→ **Supplied records**

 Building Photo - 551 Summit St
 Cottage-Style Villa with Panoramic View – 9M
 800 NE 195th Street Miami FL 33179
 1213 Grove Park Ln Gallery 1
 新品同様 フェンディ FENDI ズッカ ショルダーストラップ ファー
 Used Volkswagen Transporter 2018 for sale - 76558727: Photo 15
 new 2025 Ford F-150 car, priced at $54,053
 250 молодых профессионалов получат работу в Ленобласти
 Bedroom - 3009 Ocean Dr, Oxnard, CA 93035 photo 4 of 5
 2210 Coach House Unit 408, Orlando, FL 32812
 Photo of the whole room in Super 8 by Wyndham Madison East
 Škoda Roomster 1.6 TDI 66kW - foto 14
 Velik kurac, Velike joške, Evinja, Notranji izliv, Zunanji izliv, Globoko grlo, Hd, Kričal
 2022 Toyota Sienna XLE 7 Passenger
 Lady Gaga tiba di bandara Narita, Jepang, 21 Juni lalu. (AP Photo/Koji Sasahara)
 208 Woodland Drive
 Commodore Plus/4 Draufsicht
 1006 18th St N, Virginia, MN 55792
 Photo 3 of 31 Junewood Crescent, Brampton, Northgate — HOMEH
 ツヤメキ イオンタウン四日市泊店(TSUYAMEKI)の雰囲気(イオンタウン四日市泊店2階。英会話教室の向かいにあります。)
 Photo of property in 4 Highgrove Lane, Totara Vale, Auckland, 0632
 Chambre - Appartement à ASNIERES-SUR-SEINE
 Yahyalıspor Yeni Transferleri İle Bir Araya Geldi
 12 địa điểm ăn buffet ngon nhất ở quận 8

→ **Exercise brief**
Print exactly, and only, the lines running from the one that contains "Velik kurac, Velike" to the last line of the records above.

→ **Answer to the exercise**
 Velik kurac, Velike joške, Evinja, Notranji izliv, Zunanji izliv, Globoko grlo, Hd, Kričal
 2022 Toyota Sienna XLE 7 Passenger
 Lady Gaga tiba di bandara Narita, Jepang, 21 Juni lalu. (AP Photo/Koji Sasahara)
 208 Woodland Drive
 Commodore Plus/4 Draufsicht
 1006 18th St N, Virginia, MN 55792
 Photo 3 of 31 Junewood Crescent, Brampton, Northgate — HOMEH
 ツヤメキ イオンタウン四日市泊店(TSUYAMEKI)の雰囲気(イオンタウン四日市泊店2階。英会話教室の向かいにあります。)
 Photo of property in 4 Highgrove Lane, Totara Vale, Auckland, 0632
 Chambre - Appartement à ASNIERES-SUR-SEINE
 Yahyalıspor Yeni Transferleri İle Bir Araya Geldi
 12 địa điểm ăn buffet ngon nhất ở quận 8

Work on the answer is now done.